Pour remotiver une équipe, il faut à la fois agir sur le plan individuel et sur le collectif, en ouvrant le dialogue », lance en préambule Catherine Mieg, clinicienne du travail et consultante en management. Pour Francis Boyer, consultant en innovation managériale au sein du cabinet Dynesens, c’est un véritable travail de catharsis qui doit être réalisé auprès de chaque collaborateur. « Tout le monde ne réagit pas de la même manière face à une telle crise. Il est donc important de savoir comment les uns et les autres l’ont traversée, ce qu’ils ont appris, les difficultés qu’ils ont rencontrées… Pour cela, il faut faire preuve d’authenticité et apprendre à se dire les choses. »
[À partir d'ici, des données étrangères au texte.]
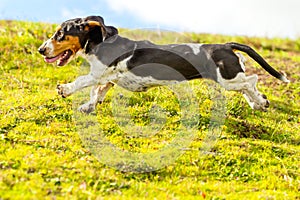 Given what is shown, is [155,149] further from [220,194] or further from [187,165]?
[220,194]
Face à un collaborateur qui ne va visiblement pas bien, il faut prendre le temps de lui parler en aparté. « S’il est épuisé physiquement, proposez-lui de prendre quelques jours de congé, conseille Catherine Mieg. S’il refuse, pour ne pas mettre en difficulté l’équipe, insistez en lui expliquant qu’il doit d’abord penser à lui et que vous allez vous arranger. » Lorsque le malaise est plus profond et d’ordre psychologique, il faut, là encore, apporter son soutien. « A un membre de l’équipe particulièrement touché par la disparition de certains patients, avec qui il avait noué une relation privilégiée, conseillez-lui de consulter un psychologue », suggère la clinicienne.

La reconnaissance au travail : un levier de motivation.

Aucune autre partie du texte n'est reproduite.